Charlotte sorriu. E dessa vez, Eric pode vê-la fazer isso.
— Há uma guerra entre nós — ele disse, hesitantemente — Estão caçando trouxas...
— Por que não está do lado deles?
— Só vejo burrice em exterminar inocentes... Tenho nojo da minha família. Nojo do Lord das Trevas. Desse homem horroroso que certamente invadiu nosso prédio.
— Eric, posso lhe perguntar uma coisa?
A trouxa se aproximou ainda mais. Levantou o rosto para encará-lo, e voltou a falar quando ele assentiu.

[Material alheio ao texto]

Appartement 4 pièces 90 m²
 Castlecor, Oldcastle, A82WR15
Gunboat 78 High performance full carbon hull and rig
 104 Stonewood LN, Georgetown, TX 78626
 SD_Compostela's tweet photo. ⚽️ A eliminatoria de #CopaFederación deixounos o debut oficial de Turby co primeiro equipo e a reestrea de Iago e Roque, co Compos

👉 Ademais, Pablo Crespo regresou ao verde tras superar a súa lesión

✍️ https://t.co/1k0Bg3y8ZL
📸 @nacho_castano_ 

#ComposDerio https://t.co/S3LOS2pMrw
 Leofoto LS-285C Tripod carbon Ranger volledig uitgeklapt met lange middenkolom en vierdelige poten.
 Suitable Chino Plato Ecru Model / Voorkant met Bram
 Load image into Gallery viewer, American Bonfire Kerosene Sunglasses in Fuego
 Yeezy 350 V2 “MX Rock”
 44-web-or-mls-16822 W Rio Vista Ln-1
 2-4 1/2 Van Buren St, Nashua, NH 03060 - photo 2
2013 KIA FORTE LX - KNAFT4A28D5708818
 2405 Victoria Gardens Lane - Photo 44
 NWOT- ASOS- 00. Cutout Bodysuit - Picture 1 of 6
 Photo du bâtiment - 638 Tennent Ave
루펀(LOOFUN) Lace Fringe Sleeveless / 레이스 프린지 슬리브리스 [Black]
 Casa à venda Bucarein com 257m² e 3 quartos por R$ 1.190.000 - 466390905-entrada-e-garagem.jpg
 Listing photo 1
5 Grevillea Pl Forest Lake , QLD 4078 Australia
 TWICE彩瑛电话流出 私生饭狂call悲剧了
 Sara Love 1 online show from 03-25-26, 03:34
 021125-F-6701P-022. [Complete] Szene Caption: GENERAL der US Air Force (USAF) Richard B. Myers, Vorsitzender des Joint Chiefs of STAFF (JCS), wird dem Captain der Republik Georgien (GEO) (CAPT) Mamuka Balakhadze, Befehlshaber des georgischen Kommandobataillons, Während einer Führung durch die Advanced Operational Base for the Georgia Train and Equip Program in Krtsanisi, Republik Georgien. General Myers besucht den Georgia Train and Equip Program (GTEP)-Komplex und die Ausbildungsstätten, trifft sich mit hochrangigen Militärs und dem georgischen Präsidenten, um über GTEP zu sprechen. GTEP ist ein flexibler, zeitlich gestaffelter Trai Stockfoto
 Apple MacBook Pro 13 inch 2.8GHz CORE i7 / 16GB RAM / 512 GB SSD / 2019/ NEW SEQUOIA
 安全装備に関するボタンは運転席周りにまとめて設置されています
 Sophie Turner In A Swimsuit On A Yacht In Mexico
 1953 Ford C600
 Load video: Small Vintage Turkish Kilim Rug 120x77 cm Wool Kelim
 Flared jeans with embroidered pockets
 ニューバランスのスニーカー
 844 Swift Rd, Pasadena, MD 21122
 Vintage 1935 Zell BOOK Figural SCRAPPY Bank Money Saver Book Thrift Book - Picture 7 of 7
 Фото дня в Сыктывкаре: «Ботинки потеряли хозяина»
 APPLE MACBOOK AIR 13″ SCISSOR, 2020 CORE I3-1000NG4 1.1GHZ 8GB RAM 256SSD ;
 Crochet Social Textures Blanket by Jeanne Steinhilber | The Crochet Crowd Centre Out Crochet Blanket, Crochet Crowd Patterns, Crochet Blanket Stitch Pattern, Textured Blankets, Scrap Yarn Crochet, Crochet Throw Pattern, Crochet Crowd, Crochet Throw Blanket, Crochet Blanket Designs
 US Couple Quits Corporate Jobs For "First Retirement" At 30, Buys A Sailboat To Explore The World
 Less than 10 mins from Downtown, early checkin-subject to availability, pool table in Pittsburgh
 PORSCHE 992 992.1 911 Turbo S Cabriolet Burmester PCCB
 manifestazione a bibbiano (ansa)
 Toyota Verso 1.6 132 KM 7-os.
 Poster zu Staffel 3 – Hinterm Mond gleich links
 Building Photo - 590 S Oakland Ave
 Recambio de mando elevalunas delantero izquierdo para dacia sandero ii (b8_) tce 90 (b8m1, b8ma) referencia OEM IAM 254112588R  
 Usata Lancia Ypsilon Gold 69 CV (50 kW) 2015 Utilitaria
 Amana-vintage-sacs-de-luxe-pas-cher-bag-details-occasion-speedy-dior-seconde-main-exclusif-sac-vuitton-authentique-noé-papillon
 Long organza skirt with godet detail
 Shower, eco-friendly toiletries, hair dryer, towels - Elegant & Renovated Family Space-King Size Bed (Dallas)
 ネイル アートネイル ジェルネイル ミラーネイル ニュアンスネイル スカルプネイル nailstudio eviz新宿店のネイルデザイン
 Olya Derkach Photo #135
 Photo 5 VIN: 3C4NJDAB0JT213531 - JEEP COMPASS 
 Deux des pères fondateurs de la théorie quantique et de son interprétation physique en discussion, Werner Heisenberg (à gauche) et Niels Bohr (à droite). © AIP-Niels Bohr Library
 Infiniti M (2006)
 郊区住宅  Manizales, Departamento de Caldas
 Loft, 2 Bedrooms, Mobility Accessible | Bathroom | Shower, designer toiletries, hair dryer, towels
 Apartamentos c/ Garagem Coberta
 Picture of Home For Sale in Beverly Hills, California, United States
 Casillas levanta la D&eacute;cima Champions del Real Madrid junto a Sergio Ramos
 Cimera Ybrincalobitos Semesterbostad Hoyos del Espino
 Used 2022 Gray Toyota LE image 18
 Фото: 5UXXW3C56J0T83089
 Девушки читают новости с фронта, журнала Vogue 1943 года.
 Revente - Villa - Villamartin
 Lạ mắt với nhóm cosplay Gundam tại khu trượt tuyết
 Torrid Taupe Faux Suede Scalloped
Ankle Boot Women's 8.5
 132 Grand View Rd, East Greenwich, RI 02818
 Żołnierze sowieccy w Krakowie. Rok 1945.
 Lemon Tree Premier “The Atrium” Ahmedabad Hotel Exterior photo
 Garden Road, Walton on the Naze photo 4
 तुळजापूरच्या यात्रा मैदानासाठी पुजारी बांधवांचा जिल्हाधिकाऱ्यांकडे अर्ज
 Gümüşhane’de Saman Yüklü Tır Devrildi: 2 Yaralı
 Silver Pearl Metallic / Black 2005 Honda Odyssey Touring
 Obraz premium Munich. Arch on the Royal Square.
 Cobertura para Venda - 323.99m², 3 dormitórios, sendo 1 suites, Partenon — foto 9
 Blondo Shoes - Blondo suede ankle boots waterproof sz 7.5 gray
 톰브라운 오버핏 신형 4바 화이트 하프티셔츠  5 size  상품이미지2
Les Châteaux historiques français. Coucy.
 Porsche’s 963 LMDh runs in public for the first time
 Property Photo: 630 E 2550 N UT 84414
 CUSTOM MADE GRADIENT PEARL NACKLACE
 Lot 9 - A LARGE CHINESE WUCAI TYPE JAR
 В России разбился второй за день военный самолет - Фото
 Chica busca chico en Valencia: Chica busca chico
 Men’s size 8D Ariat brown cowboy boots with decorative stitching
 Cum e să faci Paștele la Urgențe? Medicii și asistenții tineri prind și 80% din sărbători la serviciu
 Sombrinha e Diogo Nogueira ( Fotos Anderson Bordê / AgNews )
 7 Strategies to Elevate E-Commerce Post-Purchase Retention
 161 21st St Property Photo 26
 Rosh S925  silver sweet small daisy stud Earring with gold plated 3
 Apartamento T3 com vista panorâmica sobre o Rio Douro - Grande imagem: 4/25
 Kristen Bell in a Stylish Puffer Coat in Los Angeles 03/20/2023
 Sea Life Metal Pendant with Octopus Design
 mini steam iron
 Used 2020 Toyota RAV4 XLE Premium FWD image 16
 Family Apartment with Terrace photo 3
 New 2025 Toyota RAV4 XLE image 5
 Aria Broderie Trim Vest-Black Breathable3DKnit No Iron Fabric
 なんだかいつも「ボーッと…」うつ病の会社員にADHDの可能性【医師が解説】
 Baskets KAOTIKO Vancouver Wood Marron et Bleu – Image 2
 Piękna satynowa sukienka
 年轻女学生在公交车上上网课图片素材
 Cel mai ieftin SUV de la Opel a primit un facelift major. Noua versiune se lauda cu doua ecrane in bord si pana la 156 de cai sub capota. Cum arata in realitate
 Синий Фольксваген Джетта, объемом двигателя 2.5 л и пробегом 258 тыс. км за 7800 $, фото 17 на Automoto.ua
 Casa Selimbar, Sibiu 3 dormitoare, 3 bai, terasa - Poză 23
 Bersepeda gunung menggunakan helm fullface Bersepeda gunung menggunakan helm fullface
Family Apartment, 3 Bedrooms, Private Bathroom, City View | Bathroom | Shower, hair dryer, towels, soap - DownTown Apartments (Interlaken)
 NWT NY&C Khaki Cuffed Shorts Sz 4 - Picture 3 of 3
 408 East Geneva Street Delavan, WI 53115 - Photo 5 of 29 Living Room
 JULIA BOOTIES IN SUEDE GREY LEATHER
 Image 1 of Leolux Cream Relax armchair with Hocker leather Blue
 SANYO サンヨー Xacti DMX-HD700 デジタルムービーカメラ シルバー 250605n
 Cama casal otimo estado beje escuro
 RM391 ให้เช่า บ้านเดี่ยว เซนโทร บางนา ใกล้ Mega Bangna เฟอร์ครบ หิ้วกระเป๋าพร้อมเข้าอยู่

— Este homem é parente seu? É por isso que não gosta de sobrenomes?
— Acertou em cheio.
— E o que faremos? Só salvar os feridos?
— Se pudesse, faria mais.
— Veja olhar o lado positivo. Se não fosse por ele, não o teria encontrado.
— Precisamos de mais gente assim, que pense como você. Precisamos de amor.
— Por onde esteve todo esse tempo, amigo?
— Já disse. Tinworth.
Eric arrancou o riso de Charlotte e logo fizera o mesmo. Nunca na vida imaginaria estar em tal situação. Sozinho, ao lado de uma trouxa, sob a luz da varinha em seu futuro escritório.
E de fato, adorara conversar com ela. Realmente houvera certa fluidez em seus diálogos, e mesmo nos silêncios, como o que viera em seguida. Logo, observara Charlotte estender os dedos finos para agarrar sua varinha.
— Posso?
— Prometa segurar com cuidado — pediu, sorrindo.
Charlotte assentiu e iluminou por completo o rosto do novo amigo.
— Diga-me, Eric. Você é comprometido?
— Somente com o trabalho. E a senhorita?
Eric tivera somente uma quase gargalhada em resposta, que fora substituída por uma expressão serena.
— O que o atrai tanto a ajudar o meu povo?
— Vocês têm algo que não costumo ver entre nós.
— O que é?
— Amor.
Naquele momento, aquela palavra pareceu o feitiço correto para uni-los demoradamente.
Não havia sangue, não havia regras, não havia guerra.
Voldemort até poderia destruir famílias, monumentos, construções, disseminar o terror... Mas havia algo que ele não detinha o controle. E muito além disso, algo que nunca passaria por sua cabeça: em meio a guerra, juntar um sangue impuro com um traidor.
O Lorde nunca imaginaria que uma simples luz fosse um enorme ato de traição e rebeldia de seu próprio povo.
Ao erguer a varinha, Eric acendeu a magia adormecida em Charlotte.